YOUR ASSIGNMENT: Below is a listing; restate from it, character for character, the lines beginning at the line holding "Venta al por" and ending at the line holding "SCENEREAL size XS", both included.

GIVEN RECORDS:
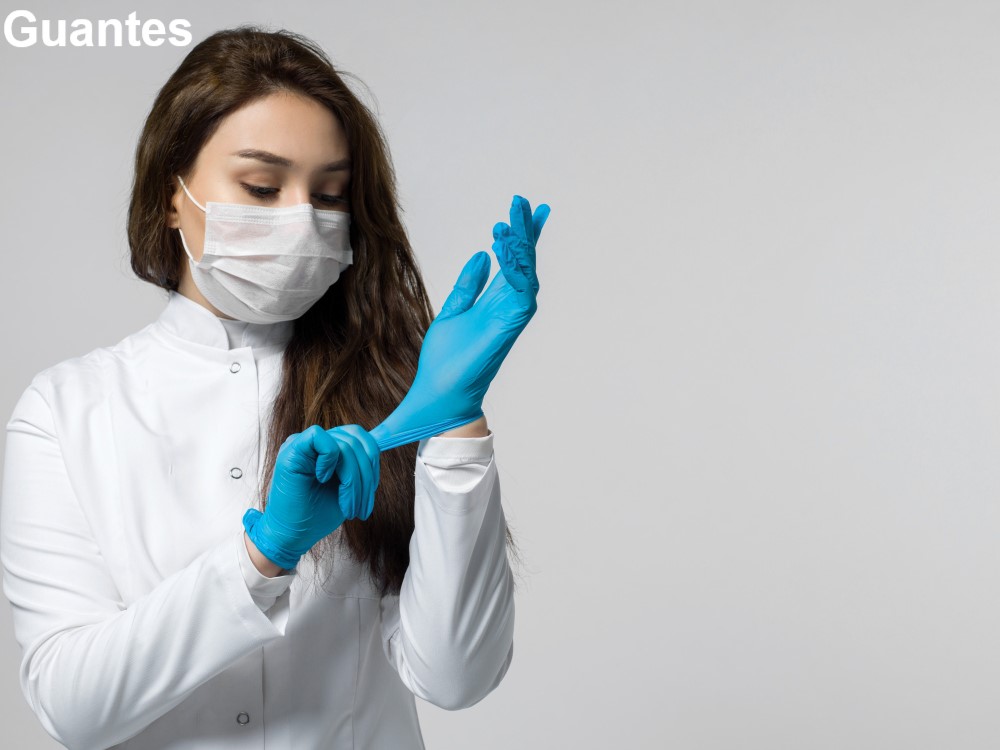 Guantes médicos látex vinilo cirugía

* * *

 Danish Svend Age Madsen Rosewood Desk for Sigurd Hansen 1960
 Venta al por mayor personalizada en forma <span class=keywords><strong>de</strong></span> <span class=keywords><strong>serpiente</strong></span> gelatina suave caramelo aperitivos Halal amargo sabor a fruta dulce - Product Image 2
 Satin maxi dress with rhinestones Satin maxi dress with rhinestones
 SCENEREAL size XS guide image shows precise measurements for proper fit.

RESPONSE TO THIS TASK:
 Venta al por mayor personalizada en forma <span class=keywords><strong>de</strong></span> <span class=keywords><strong>serpiente</strong></span> gelatina suave caramelo aperitivos Halal amargo sabor a fruta dulce - Product Image 2
 Satin maxi dress with rhinestones Satin maxi dress with rhinestones
 SCENEREAL size XS guide image shows precise measurements for proper fit.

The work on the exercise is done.